The film, which was written by a long-time collaborator and friend of Snyder, New York gallery president Michael Sonnabend, explores the artist's life and and artistic evolution in his journey from a young Renaissance star, through his long spiritual crisis and finally to the saintly simplicity of his final years. Combining excerpts from Michelangelo's letters, poems and diaries with the rich visual images of his work photographed in full color. Some of the magnificent visuals include spectacular views of the Sistine Chapel, the Last Judgment (prior to the cleaning), the Pauline Chapel frescoes, and many other beautiful works by Michelangelo in both two and three dimensions. The grand visual images are accompanied by the austere strains of Renaissance composer Claudio Mondteverdi.

Screenwriter Michael Sonnabend (left) and producer-director Robert Snyder (right) in the tomb of Giulano de'Medici in Florence with the statues of Night and Day in the background
Snyder filming the statue of David in Florence, Italy.

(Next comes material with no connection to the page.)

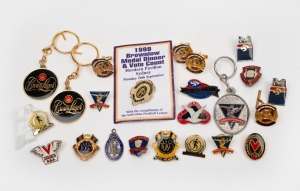 Barry Round's Williamstown F.C. life membership pin badge, as well as twenty-two other items including his Footscray F.C. cufflinks, Warragul F.C. Past Players & Officials pin badges, E.J. Whitten Foundation/1999 Brownlow Medal Dinner/Central District F.C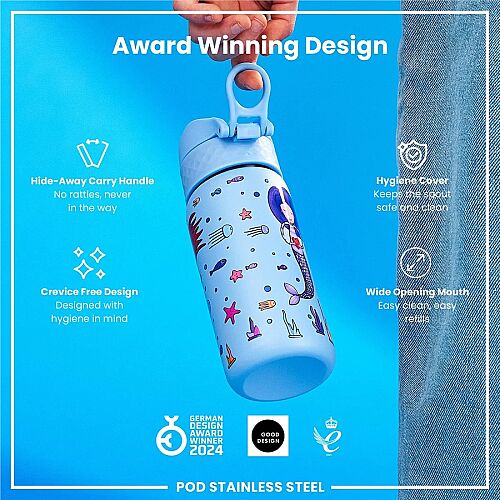 ION8 Paslanmaz Çelik Sızdırmaz Çocuk Suluğu (400 ml) - Deniz Kızları - 6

Snyder and his cinematographer Umberto Galeassi had unprecedented access in six different countries to the works of art over the ten years that the film was in production. Snyder recalls, "Obtaining permission to film the St. Peter's Pieta was extremely difficult. You may recall that in 1972, a deranged visitor smashed the face of the Virgin. Since then, the Pieta has been protected with bullet-proof glass. No still or motion picture camera was permitted to go behind the partition. We negotiated with the Vatican officials for over a year before getting a special dispensation to work behind the glass which permitted us to photograph thoroughly and intimately - certainly the first and probably the last time such permission would be granted.